| About this task |
Write out the data again in full, keeping every character the same.

| Records to use |
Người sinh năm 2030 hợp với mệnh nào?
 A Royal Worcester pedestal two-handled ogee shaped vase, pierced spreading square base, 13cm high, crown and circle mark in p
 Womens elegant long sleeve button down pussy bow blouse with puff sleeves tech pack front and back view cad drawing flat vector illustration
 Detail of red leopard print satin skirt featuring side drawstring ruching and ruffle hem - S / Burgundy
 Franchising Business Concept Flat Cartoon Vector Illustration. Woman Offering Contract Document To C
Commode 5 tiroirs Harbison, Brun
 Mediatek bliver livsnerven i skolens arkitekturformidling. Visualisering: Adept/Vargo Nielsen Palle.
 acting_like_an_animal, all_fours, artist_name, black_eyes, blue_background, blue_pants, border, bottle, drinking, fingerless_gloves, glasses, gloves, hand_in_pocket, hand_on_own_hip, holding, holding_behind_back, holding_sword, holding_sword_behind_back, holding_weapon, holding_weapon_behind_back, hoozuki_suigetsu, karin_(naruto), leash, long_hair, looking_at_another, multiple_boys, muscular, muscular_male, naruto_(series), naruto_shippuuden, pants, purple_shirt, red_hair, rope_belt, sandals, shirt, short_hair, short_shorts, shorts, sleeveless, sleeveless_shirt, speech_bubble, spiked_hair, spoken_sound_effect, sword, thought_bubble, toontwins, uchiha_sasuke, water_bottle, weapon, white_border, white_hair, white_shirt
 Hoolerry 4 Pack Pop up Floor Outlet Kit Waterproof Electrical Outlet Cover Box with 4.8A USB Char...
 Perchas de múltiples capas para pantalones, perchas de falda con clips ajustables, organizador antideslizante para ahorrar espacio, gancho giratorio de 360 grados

| Task output |
Người sinh năm 2030 hợp với mệnh nào?
 A Royal Worcester pedestal two-handled ogee shaped vase, pierced spreading square base, 13cm high, crown and circle mark in p
 Womens elegant long sleeve button down pussy bow blouse with puff sleeves tech pack front and back view cad drawing flat vector illustration
 Detail of red leopard print satin skirt featuring side drawstring ruching and ruffle hem - S / Burgundy
 Franchising Business Concept Flat Cartoon Vector Illustration. Woman Offering Contract Document To C
Commode 5 tiroirs Harbison, Brun
 Mediatek bliver livsnerven i skolens arkitekturformidling. Visualisering: Adept/Vargo Nielsen Palle.
 acting_like_an_animal, all_fours, artist_name, black_eyes, blue_background, blue_pants, border, bottle, drinking, fingerless_gloves, glasses, gloves, hand_in_pocket, hand_on_own_hip, holding, holding_behind_back, holding_sword, holding_sword_behind_back, holding_weapon, holding_weapon_behind_back, hoozuki_suigetsu, karin_(naruto), leash, long_hair, looking_at_another, multiple_boys, muscular, muscular_male, naruto_(series), naruto_shippuuden, pants, purple_shirt, red_hair, rope_belt, sandals, shirt, short_hair, short_shorts, shorts, sleeveless, sleeveless_shirt, speech_bubble, spiked_hair, spoken_sound_effect, sword, thought_bubble, toontwins, uchiha_sasuke, water_bottle, weapon, white_border, white_hair, white_shirt
 Hoolerry 4 Pack Pop up Floor Outlet Kit Waterproof Electrical Outlet Cover Box with 4.8A USB Char...
 Perchas de múltiples capas para pantalones, perchas de falda con clips ajustables, organizador antideslizante para ahorrar espacio, gancho giratorio de 360 grados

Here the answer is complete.